Furthermore, the report says dairy companies will be ‘pushed’ towards dairy export opportunities into ASEAN-6 countries by rising geopolitical tensions and receding demand tailwinds in China.

“Coming into 2020, China’s trade relations with key trading partners were already on shaky ground – particularly so for Australia and the US. And while dairy trade has largely been immune so far, there has been a notable deterioration in trade relations, which has the potential to reverberate far and wide.” Mr Harvey said.

“Slowing Chinese dairy demand is a further factor which will prompt dairy exporters to look at markets outside China, with this expected to ease over the next decade as the rate of growth in per capita income slows.”

Mr Harvey said these factors would likely compel dairy exporters to reassess their export growth strategies and consider increased investment in the ASEAN-6 region.

“This is particularly relevant for New Zealand dairy companies who are more trade-exposed versus their peers and, consequently, have the highest level of market concentration risk.” he said.

“With over 35 per cent of New Zealand dairy trade bound for China and less than 20 per cent heading to Southeast Asia, now is a good time for New Zealand dairy companies to evaluate their portfolios to determine if they are overweight in China and/or underweight in Southeast Asia.”

Critical battleground

The report says Southeast Asian dairy markets have long been a critical battleground for dairy exporters.

“Oceania exporters have a slight competitive edge in the region because of tariff advantages provided by a cocktail of bilateral trade agreements and the ASEAN-AustraliaNew Zealand Free Trade Agreement (AANZFTA),” Mr Harvey said.

“However, with many global peers seeking their own free trade agreements with the ASEAN economies, the market is expected to become mostly harmonised with respect to tariffs and non-tariff barriers over time.”

Mr Harvey said market competition is expected to intensify due to a combination of factors. “There are also several established global dairy companies operating in Southeast Asian markets which continue to double down with investment. This includes the world’s largest dairy company – Nestle – which has identified these markets as key for potential growth, as illustrated by several recent investments,” he said.

“In addition, dairy companies in the northern hemisphere and China are broadening their scope and looking to further establish themselves in the region.”

Key considerations

The report says there a number of factors for dairy companies to consider as they aim to strengthen their position in ASEAN-6 dairy markets.

“One of the key considerations for dairy exporters and their supply chains looking for growth in Southeast Asia, is how they can best extract premiums and capture more value,” Mr Harvey said.

“Right now, exporters’ ability to commercialise and/or generate added value in the region with sustainability initiatives remains limited as many consumers in the region are pricesensitive.
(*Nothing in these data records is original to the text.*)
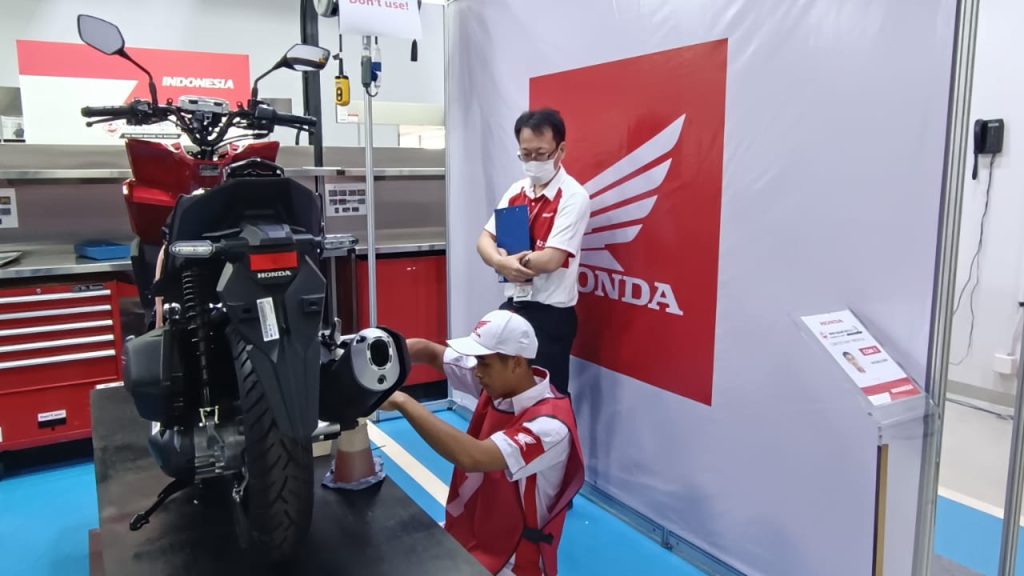 teknisi honda juara
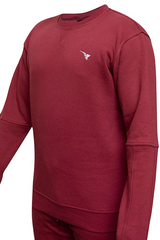 Burgundy Sweat Shirt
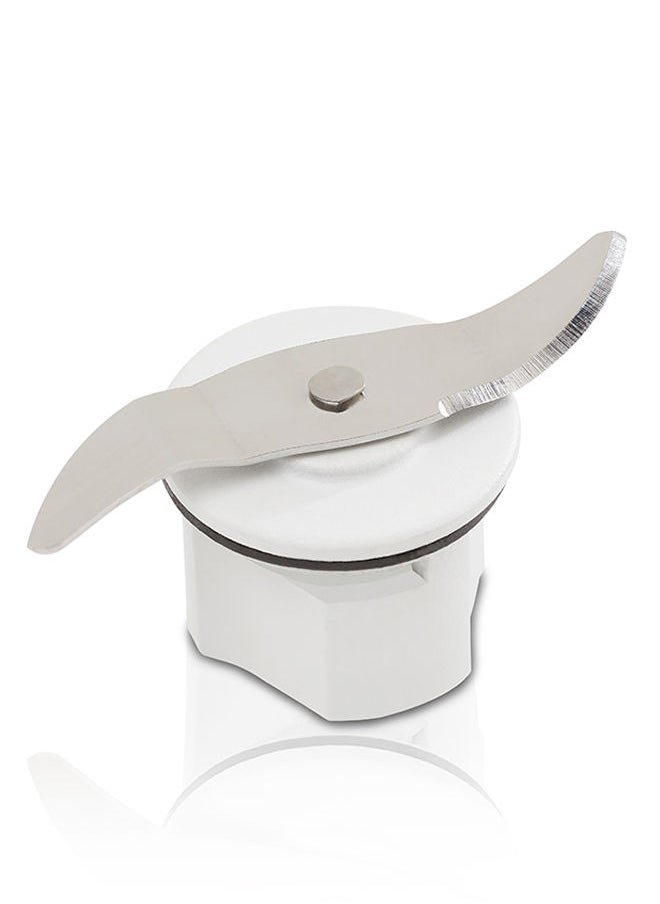 babymoov - Nutribaby Plus Food Processor And Blender Mixer- Loft White - Image 1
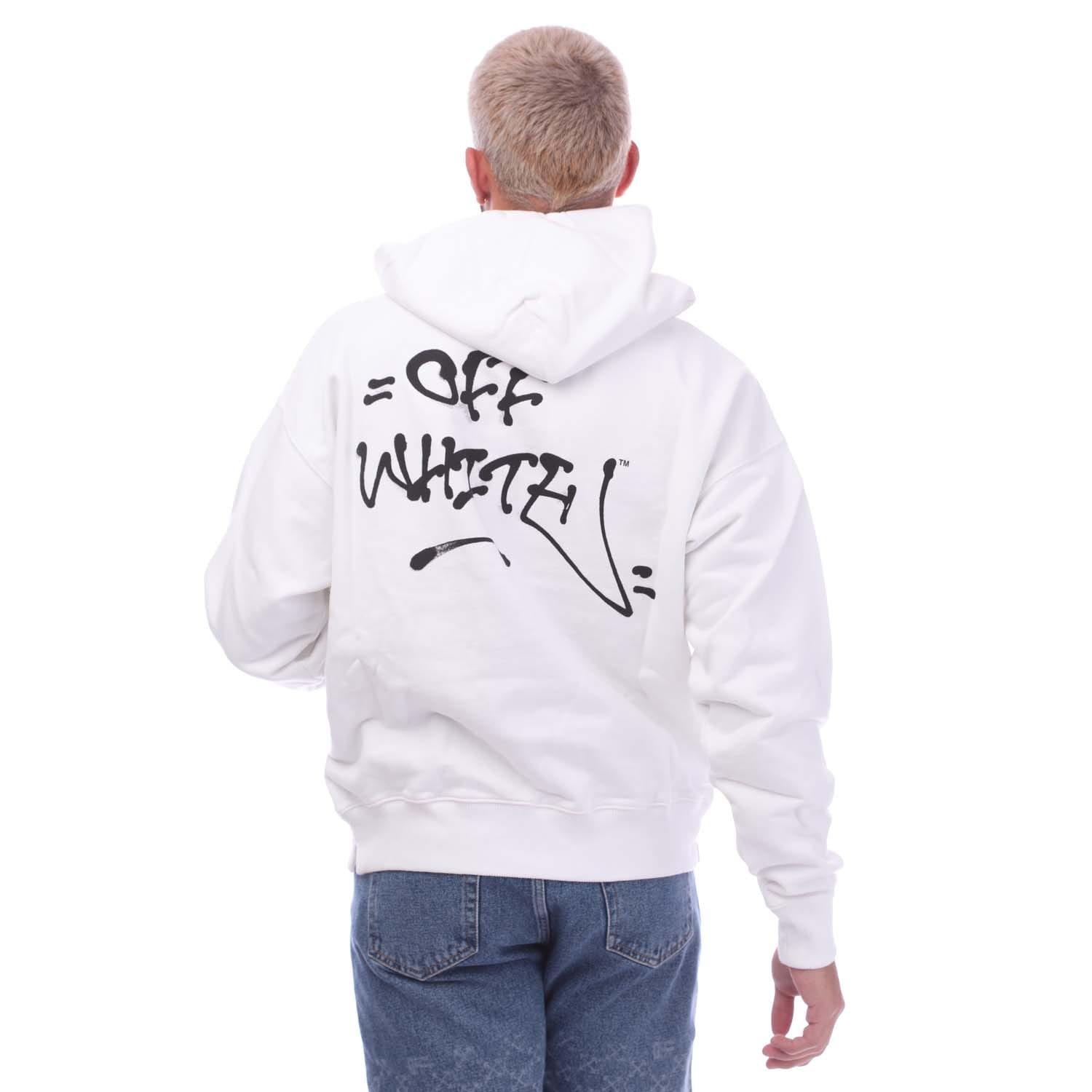White Pink - Off White - 90s DJ Slim Hoodie - 2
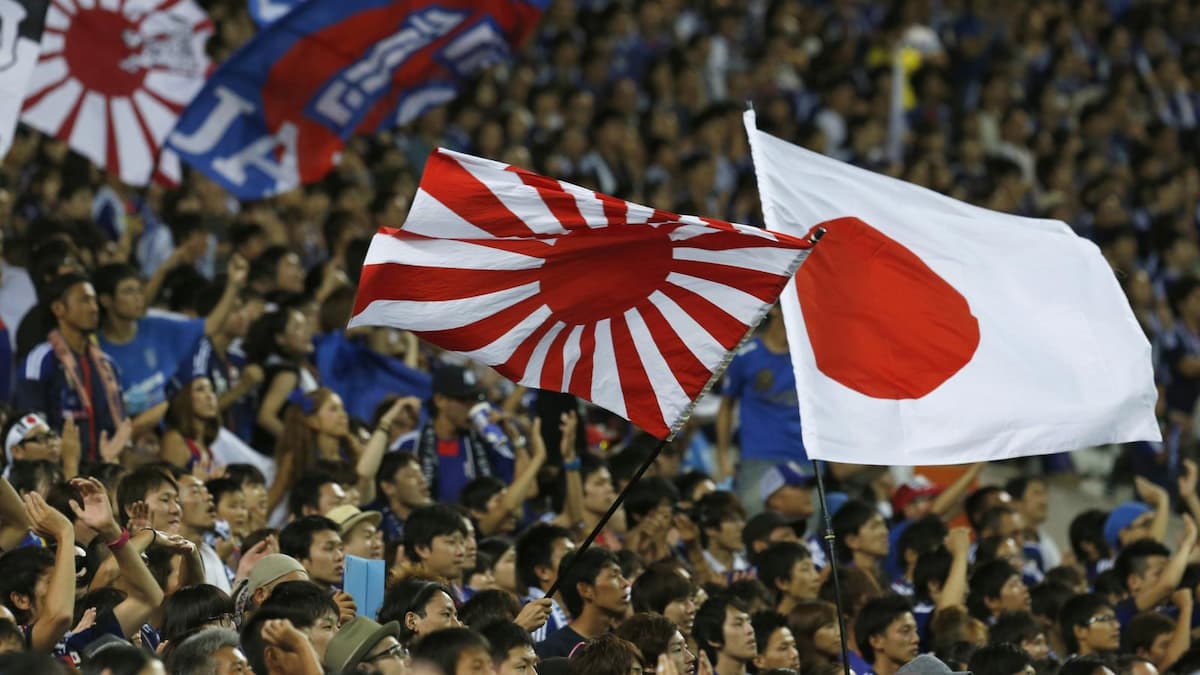 Two Kinds Of Japanese Flags - Land Of The Rising Son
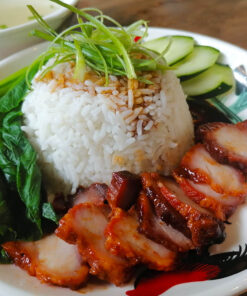 CHAR SIEW RICE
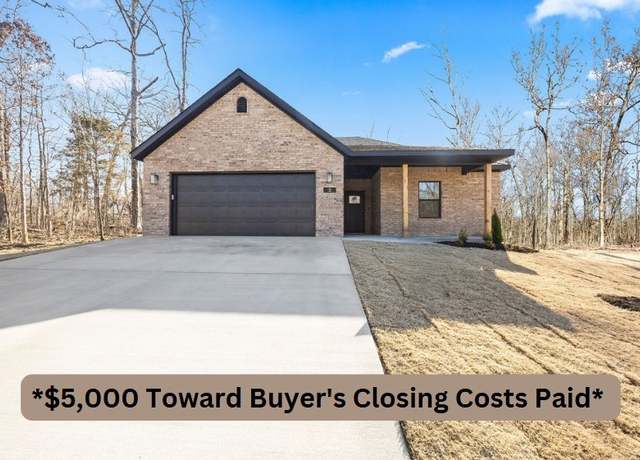 Property at 1 Whitmore Ln, Bella Vista, AR 72715, 3 beds, 2 baths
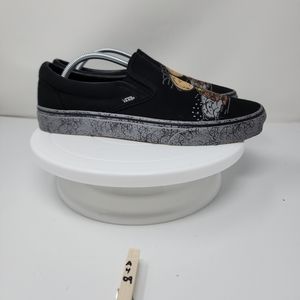 Vans X Peanuts Pig-Pen Slip On Sneaker Loafers 11 men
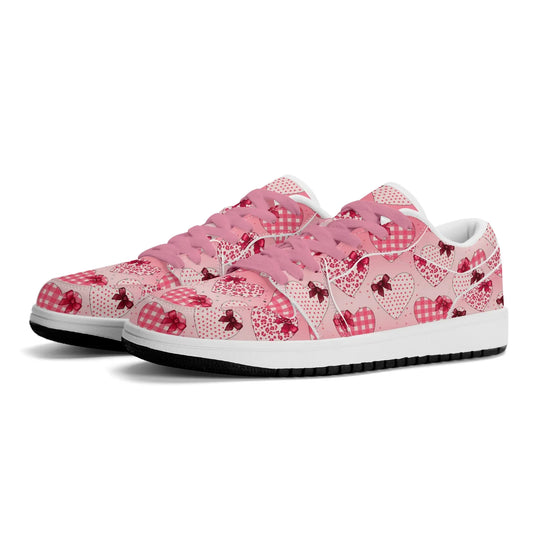hearts-low-top-leder-sneaker-fur-damen-sneaker-jlr-design-1 - JLR Design
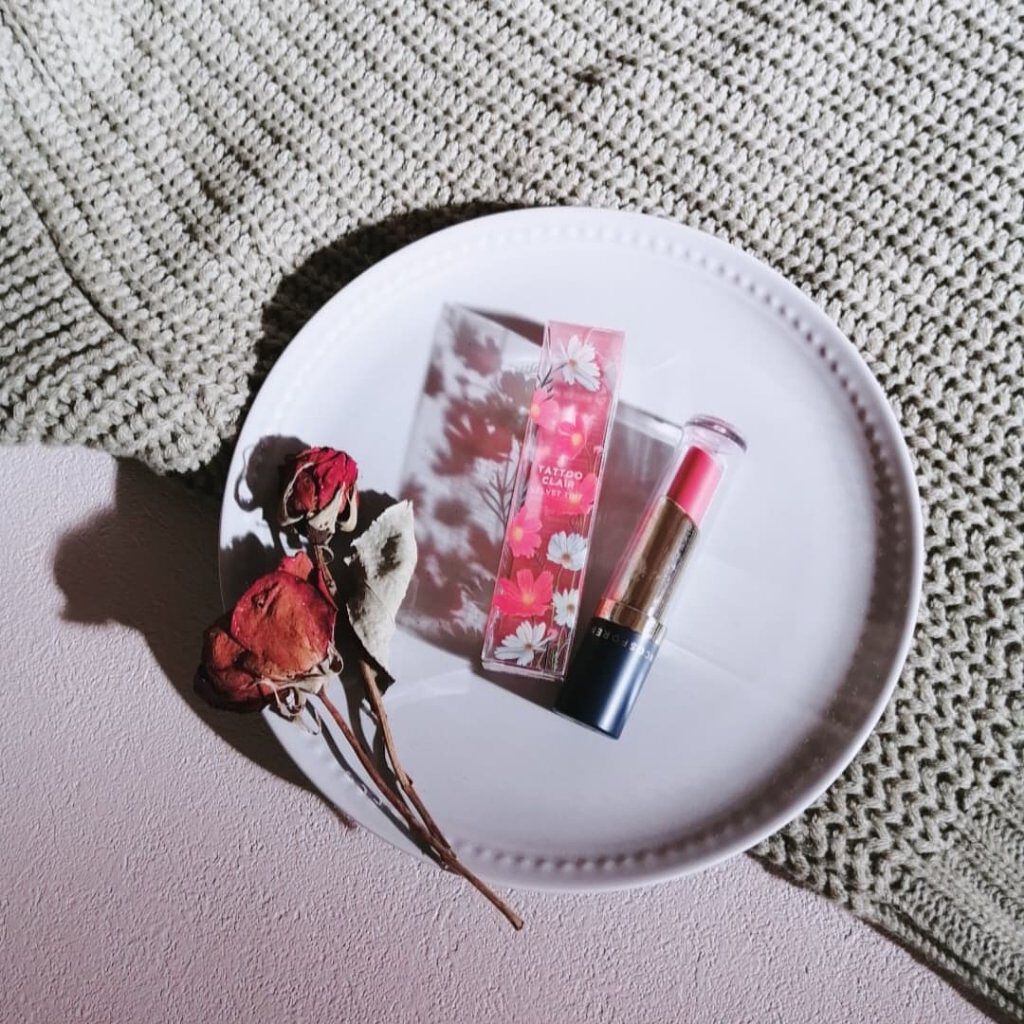 タトゥーベルベットティント/フォレンコス/リップティントを使ったクチコミ（1枚目）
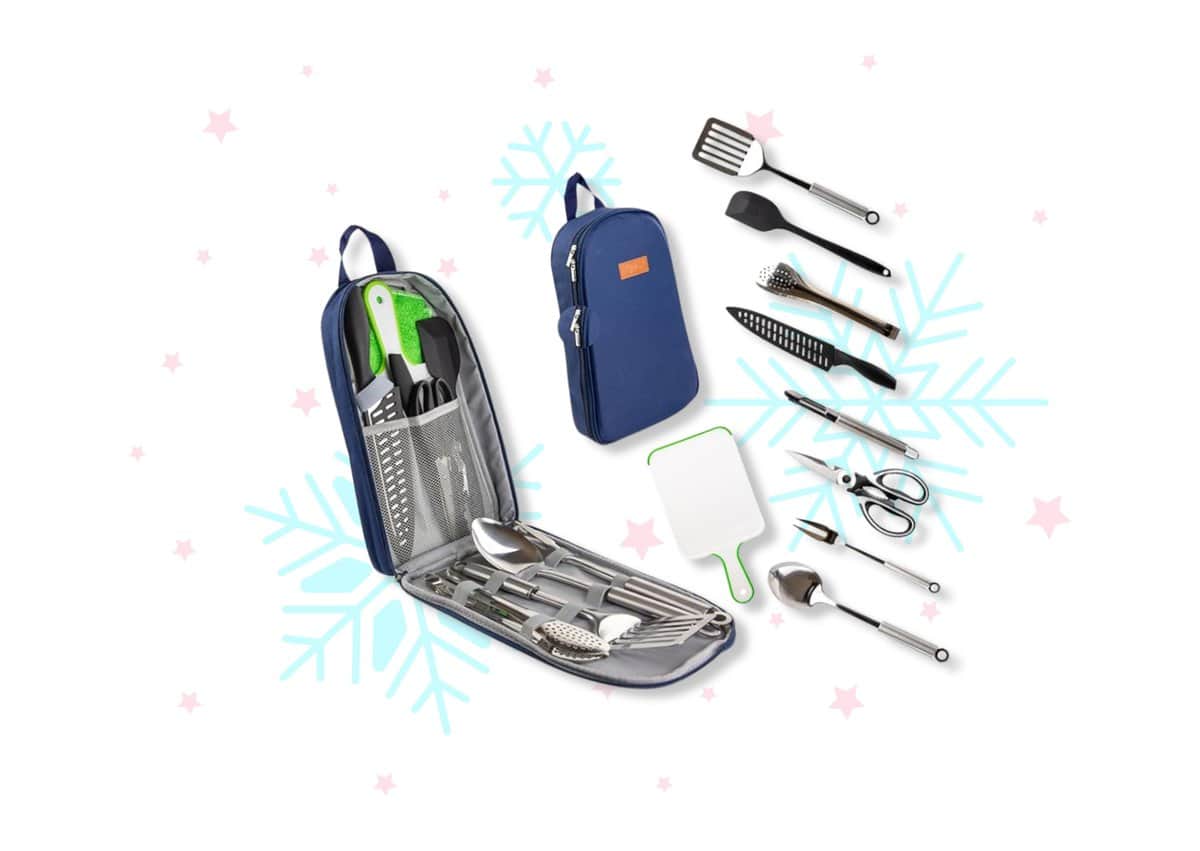 Camp Cooking Utensil Set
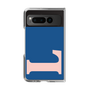 Clear Case［ Original - initial color - L navy ］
Nonetheless, over the next decade we do expect to see an increased focus by multi-national food and beverage companies operating in these markets to tackle more sustainability issues across dairy supply chains.”

With Southeast Asian dairy trade flows expected to remain heavily skewed towards milk powders, the report says, a further consideration for dairy companies is how to manage milksolids.

“A push into these markets naturally provides a home for protein, but will leave dairy companies with the task of marketing the butter fat components, as the demand for skim milk powder (SMP) is more than double that of whole milk powder (WMP),” Mr Harvey said.

“While demand for these products is growing, the spread in import volume requirements is an important factor that dairy companies will need to think through.”

Positioning to grab the opportunity

The report says winning in the ASEAN-6 dairy markets will require exporters to make the right investments to strengthen their positions in the market and, for some, this may require a sizeable shift in export strategies.

“A range of export strategies and export business models can be deployed, whether through traditional export models, in partnership with a local enterprise or through local asset acquisition,” Mr Harvey said.

“Given the current push and pull forces at play within the Asia Pacific region, if there is not the right commitment to these growing markets, competitors will move quickly to fill the demand gap.”